* _Collected data_:

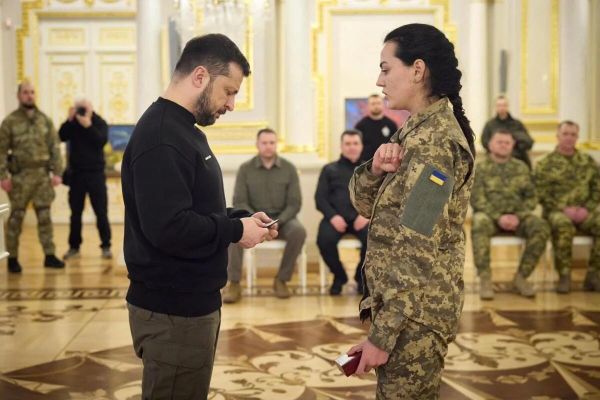 Фото: twitter.com/VovkyDaVinchi, Зеленский награждает главу медицинской службы батальона Волки Да Винчи Алину Михайлову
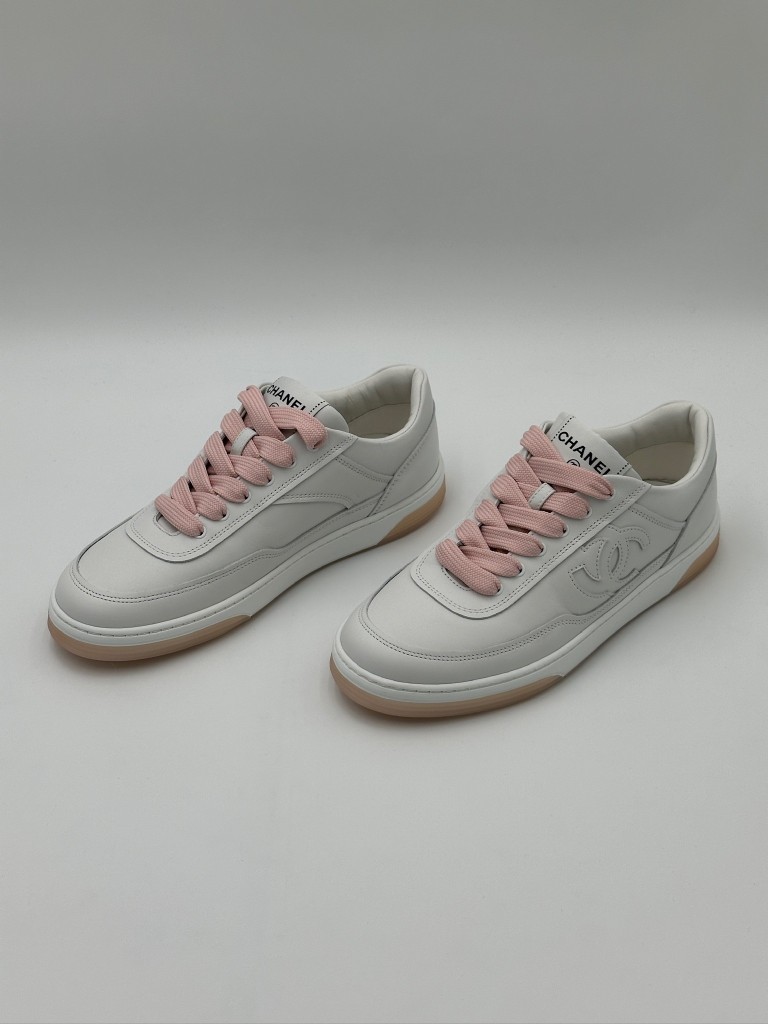 sneakersy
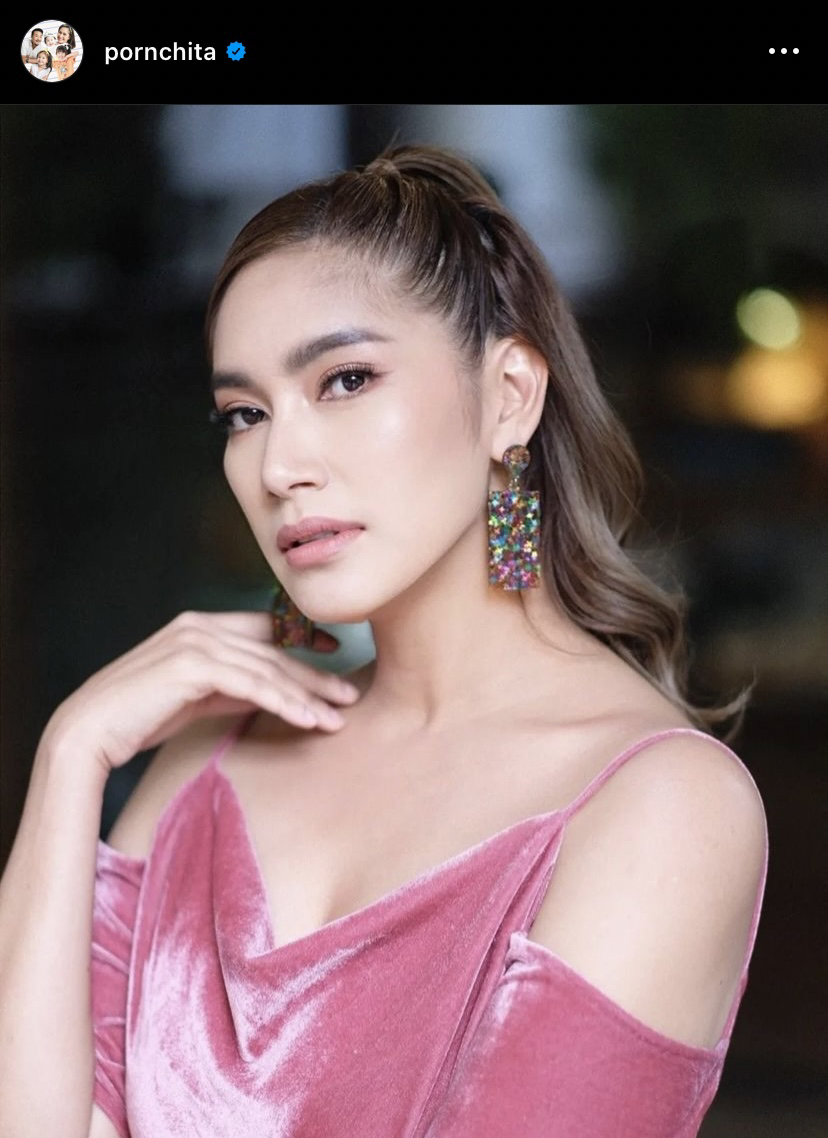 เบนซ์ พรชิตา แชร์อุทาหรณ์ คุณแม่เกิดอุบัติเหตุรถเข็นในห้างลากลงทางเลื่อน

* _Problem to work on_:
Repeat the listing above word for word. Do not include the pictures.

* _Problem solution_:
 Фото: twitter.com/VovkyDaVinchi, Зеленский награждает главу медицинской службы батальона Волки Да Винчи Алину Михайлову
 sneakersy
 เบนซ์ พรชิตา แชร์อุทาหรณ์ คุณแม่เกิดอุบัติเหตุรถเข็นในห้างลากลงทางเลื่อน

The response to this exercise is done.